I have a quart size machine made *Red Key Mason * which is usually a common jar but mine is a nice sun colored amethyst. I can't find a listing for this color in my Red Book however I did find the Atlas jar (common in clear & aqua) pictured below on Ebay which sold for $60. My jar is very close or the same in color as the Atlas jar.
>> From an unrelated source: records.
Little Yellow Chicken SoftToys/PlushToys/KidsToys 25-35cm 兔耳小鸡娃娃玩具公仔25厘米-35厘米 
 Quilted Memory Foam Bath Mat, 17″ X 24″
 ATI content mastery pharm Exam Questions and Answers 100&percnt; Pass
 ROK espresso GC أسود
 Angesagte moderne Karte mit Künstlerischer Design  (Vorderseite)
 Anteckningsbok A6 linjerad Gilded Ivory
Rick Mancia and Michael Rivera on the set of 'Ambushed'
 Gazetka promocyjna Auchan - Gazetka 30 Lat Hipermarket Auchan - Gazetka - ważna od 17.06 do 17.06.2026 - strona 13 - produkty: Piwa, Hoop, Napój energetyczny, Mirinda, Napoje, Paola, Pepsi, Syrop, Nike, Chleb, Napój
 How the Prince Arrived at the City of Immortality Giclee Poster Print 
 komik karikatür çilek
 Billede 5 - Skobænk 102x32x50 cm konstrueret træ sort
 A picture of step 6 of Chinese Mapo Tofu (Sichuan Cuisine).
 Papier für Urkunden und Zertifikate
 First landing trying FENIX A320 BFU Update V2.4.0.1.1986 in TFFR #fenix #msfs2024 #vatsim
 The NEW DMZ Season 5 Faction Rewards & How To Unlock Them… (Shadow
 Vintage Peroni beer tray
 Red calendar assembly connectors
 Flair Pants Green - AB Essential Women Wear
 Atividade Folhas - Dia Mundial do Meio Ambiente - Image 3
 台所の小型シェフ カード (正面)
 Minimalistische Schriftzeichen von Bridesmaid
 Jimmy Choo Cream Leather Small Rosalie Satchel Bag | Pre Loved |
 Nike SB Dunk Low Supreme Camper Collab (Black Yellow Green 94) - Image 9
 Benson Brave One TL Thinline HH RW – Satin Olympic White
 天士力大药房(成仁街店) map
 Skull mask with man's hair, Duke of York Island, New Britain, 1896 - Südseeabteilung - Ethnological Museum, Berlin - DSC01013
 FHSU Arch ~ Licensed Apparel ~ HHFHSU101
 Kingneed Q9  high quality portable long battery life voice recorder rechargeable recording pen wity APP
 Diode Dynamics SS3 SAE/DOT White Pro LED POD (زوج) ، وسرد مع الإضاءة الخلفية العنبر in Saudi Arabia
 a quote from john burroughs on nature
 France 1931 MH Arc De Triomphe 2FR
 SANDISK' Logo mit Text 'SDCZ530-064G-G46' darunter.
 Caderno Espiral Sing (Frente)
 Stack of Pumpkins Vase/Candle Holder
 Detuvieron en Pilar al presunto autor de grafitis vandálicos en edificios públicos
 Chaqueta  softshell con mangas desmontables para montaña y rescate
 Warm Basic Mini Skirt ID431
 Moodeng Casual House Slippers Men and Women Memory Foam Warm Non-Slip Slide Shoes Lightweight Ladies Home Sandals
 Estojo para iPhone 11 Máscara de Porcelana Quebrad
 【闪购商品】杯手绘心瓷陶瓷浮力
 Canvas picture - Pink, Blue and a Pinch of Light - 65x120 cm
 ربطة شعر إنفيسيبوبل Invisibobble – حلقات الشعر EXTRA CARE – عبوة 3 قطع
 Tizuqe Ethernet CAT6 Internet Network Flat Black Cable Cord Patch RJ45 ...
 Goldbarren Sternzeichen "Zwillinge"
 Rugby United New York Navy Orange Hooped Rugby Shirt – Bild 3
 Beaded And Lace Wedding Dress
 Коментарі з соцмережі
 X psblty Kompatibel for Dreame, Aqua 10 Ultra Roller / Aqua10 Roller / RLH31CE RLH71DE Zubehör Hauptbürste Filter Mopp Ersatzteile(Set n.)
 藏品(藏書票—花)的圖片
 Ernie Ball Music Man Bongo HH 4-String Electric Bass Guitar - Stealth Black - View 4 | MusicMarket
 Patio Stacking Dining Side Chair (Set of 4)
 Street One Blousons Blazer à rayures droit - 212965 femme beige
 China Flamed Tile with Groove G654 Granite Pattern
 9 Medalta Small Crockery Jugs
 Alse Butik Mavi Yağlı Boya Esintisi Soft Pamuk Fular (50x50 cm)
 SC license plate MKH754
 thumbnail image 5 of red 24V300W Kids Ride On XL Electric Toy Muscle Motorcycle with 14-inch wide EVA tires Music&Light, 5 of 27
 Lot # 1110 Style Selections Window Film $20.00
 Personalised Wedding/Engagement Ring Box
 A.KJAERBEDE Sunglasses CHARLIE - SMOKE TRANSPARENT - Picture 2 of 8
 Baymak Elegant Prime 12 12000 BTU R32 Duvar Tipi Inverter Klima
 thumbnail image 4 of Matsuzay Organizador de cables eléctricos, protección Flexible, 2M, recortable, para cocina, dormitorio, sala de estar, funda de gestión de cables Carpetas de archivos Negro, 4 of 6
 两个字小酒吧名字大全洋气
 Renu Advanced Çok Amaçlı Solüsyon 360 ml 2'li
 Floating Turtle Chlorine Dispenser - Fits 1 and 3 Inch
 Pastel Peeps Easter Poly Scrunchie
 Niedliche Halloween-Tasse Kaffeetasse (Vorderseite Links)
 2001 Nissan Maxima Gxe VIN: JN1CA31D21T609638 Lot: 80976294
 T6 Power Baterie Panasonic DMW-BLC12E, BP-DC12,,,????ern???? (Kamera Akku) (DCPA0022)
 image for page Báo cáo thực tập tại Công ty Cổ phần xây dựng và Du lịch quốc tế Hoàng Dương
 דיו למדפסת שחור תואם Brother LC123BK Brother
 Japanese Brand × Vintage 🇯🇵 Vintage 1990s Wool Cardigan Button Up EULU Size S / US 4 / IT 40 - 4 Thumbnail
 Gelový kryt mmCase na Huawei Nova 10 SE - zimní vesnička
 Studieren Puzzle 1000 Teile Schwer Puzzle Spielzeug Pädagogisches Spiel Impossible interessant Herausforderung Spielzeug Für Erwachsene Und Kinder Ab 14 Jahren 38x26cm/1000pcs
 I'm taking my Red Key Mason jar to the Mansfield show this weekend and I am just wondering if $75 would be a fair price to put on my jar. Thanks for any input!


----------



## dygger60 (May 6, 2011)

I have never seen a sun colored RED KEY Mason.....picture by chance?  I see several listings for
 those jars in clear...I imagine a sun colored variation of that jar would attract attention from the right
 buyer......I think that would be a good price....


    Good luckllll

     David


----------



## JayBeck (May 6, 2011)

Thanks David! The jar is all packed up so I didnt get a chance for a picture. I saw in my Red Book 8 the clear jar seemed to be the hardest to find priced at $30. I've never seen a SCA one like mine so it must be even harder to find a clear one that must have been in the sun for many years to get such a nice SCA. Maybe I will price it at $100...


----------



## cowseatmaize (May 6, 2011)

> Maybe I will price it at $100...


RB 10 went up, $35-50. Great book but still a price guide. You might as well ask more and accept less.


----------



## JayBeck (May 6, 2011)

Thanks Eric! I need to invest in the new edition one of these days (probably by that time Red Book 11 will be  out) It does seem like the clear ones are pretty tough and I can't imagine mine being anything but more rare. I'll see what happens at $100 and if I bring it home I'll get a pic posted on here.


----------



## ajohn (May 7, 2011)

I'd pay 70


----------



## dygger60 (May 13, 2011)

Ok JayBeck.....how did things go at the Mansfield Show?   Did ya get what ya wanted (if ya dont mind me asking..) was really intrested in that jar....

    David


----------



## JayBeck (Jun 4, 2011)

I did not sell the Red Key jar at the Mansfield show and I finally got a chance to take some pictures. This is the best photo I could get but the jar actually looks a bit darker in color than the photo shows. I have a few more photos and it is for sale so if anyone is still interested get in touch with me soon because I will be listing some jars on Ebay in a couple weeks including this one if I still have it.

 On another note the show went really well overall. I even get a brand new signed copy of Red Book 10 from the author himself who traded it to me for one of my jars. Certainly one of the highlights for the show for me.


----------